The above observation has a convenient reformulation in terms of category theory. Let $\mathsf{RMod}$ denote the category of $R$-modules, and $\mathsf{Set}$ the category of sets. Consider the adjoint functors $U\colon\mathsf{RMod}\to\mathsf{Set}$, the forgetful functor that maps an $R$-module to its underlying set, and $F\colon\mathsf{Set}\to\mathsf{RMod}$, the free module functor that maps a set to the free $R$-module generated by that set. To say that $U$ is right-adjoint to $F$ is the same as saying that every set map from $B$ to $U(N)$, the set underlying $N$, corresponds naturally and bijectively to an $R$-module homomorphism from $M=F(B)$ to $N$.

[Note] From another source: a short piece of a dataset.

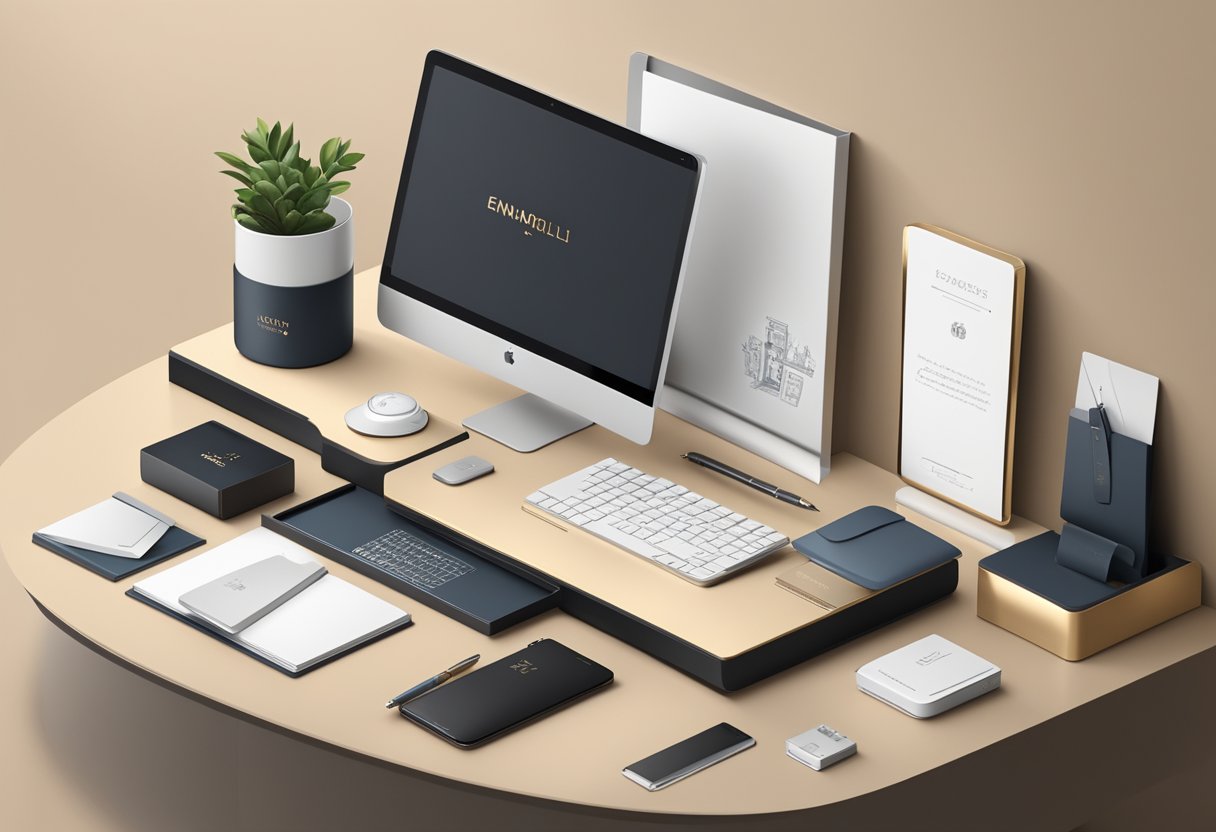 A desk with branded stationery, a luxury pen, and a sleek tech gadget. A shelf displays elegant gift boxes and a personalized plaque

Similarly, given a map $f_{2}\colon B^{2}\to N$, we may define the bilinear extension

 $\displaystyle\varphi_{2}\colon$ $\displaystyle M^{2}\to N$ $\displaystyle(m,n)$ $\displaystyle\mapsto\sum\limits_{b\in B}\sum\limits_{c\in B}m_{b}n_{c}f_{2}(b,% c),$

which is the unique bilinear map from $M^{2}$ to $N$ whose restriction to $B^{2}$ is $f_{2}$.

Generally, for any positive integer $n$ and a map $f_{n}\colon B^{n}\to N$, we may define the $n$-linear extension

 $\displaystyle\varphi_{n}\colon$ $\displaystyle M^{n}\to N$ $\displaystyle m$ $\displaystyle\mapsto\sum\limits_{b\in B^{n}}m_{b}f_{n}(b)$

quite compactly using multi-index notation: $m_{b}=\prod\limits_{k=1}^{n}m_{k,b_{k}}$.

## Usage

The notion of linear extension is typically used as a manner-of-speaking. Thus, when a multilinear map is defined explicitly in a mathematical text, the images of the basis elements are given accompanied by the phrase “by multilinear extension” or similar.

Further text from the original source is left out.